#### Dataset section
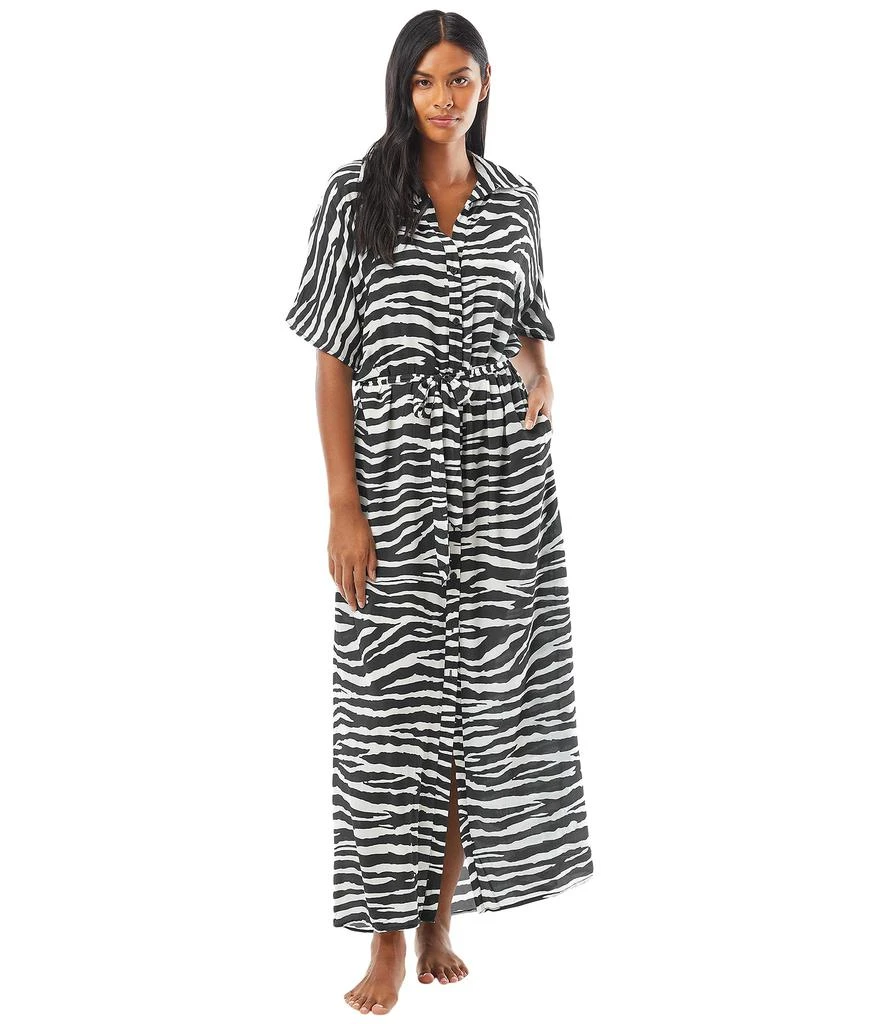 商品Vince Camuto|Zebra Belted Maxi Dress Cover-Up,价格¥584,第1张图片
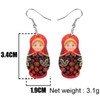 WEVENI Acrylic Russian Matryoshka Doll Earrings Dangle Drop Charm Jewelry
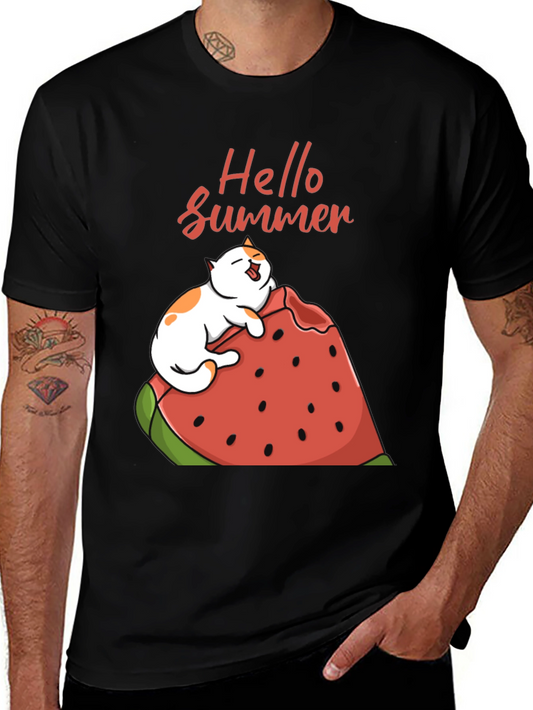 Summer Cat Watermelon Graphic Tee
########
Beginning with the line that contains "WEVENI Acrylic Russian" and ending with the last line of the data above, output those lines exactly and nothing more, without any pictures.

Solved exercise:
 WEVENI Acrylic Russian Matryoshka Doll Earrings Dangle Drop Charm Jewelry
 Summer Cat Watermelon Graphic Tee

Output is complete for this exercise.